The ABC test presumes all workers are employees, unless a hiring business demonstrates that:
(a) the worker is free from the control and direction of the hirer in connection with the performance of work, both under the contract and in fact; and
(b) the worker performs work that is outside the usual course of the hiring entity's business; and
(c) the worker is customarily engaged in an independently established trade, occupation or business of the same nature as that involved in the work performed.
The Legislature codified the ABC test with AB 5, which took effect in 2020. AB 5’s scope has been litigated, and cleanup legislation amended AB 5 with AB 2257 in the fall 2020. As a result of the amendments, California granted many industry-specific exemptions to the ABC test, prompting continued mass lobbying efforts by additional industries that have historically operated as contract workers, and wish to continue doing so. Well over 60 types of work are now exempt from the ABC test, including event planners, performers, artists, many content creators, lawyers, doctors, insurance agents, real estate agents, hairstylists and others, which are subject to the less stringent common law Borello test as to employment status. AB 2257 also expanded AB 5’s “business to business” exemption, granting increased flexibility for sole proprietors to act as independent contractors.
Although the gig economy did not get an industry exemption from the legislation, it did back a successful direct voter appeal in November 2020 with Proposition 22. Under this Proposition, many gig economy companies can continue to treat drivers as independent contractors, so long as workers are provided with wage and benefits guarantees. Other industries, such as court reporting, drivers, deliverers and journalists, have sued the state to enjoin enforcement of the law. However truckers suffered a recent setback at the 9th Circuit, which found that the FAAA does not preempt enforcement of AB 5 for independent drivers.

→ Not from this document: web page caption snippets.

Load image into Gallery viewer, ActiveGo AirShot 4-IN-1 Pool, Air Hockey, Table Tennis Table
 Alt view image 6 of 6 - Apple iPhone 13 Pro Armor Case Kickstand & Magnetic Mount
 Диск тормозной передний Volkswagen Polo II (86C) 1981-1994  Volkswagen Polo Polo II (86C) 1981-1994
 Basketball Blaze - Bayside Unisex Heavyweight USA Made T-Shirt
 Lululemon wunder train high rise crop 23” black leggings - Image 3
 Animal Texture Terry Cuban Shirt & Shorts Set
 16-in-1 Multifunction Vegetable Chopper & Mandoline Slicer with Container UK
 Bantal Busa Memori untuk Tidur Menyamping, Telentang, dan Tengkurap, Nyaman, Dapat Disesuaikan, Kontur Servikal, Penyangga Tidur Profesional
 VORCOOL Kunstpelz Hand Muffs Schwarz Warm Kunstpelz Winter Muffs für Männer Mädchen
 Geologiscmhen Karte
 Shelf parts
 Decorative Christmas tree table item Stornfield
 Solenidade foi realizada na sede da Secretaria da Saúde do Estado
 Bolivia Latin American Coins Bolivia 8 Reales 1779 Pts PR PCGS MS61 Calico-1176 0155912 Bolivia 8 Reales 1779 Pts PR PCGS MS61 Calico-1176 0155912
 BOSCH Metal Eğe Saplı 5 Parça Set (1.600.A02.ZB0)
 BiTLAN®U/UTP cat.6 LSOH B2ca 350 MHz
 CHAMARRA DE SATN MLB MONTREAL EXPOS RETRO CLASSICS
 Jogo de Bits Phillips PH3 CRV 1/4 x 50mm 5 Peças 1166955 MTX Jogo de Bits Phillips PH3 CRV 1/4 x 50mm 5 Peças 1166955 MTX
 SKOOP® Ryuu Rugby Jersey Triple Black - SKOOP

Looking ahead, whether a company contracts with individuals or other businesses, employee vs. contractor status remains a high volume area for litigation. Since astronomical penalties can result from claims like unpaid wages, failure to provide breaks and expense reimbursements (to name a few), misclassified workers remains an ongoing risk.
Companies should carefully evaluate their use of contract labor, even if through an intermediate company, where the workers are subject to contract provisions with heavy company control or where the work performed is essential to the company’s business. Companies may want to consider using indemnification clauses in their contracts with other businesses as well as arbitration agreements with class action waivers that apply to third party workers (but beware of making these agreements mandatory, as AB 51’s ban is still being challenged in court). The use of contract labor is likely to come under heavier scrutiny under the new Department of Labor.
As noted above, the “new normal” will usher in new employment law challenges in California for years to come.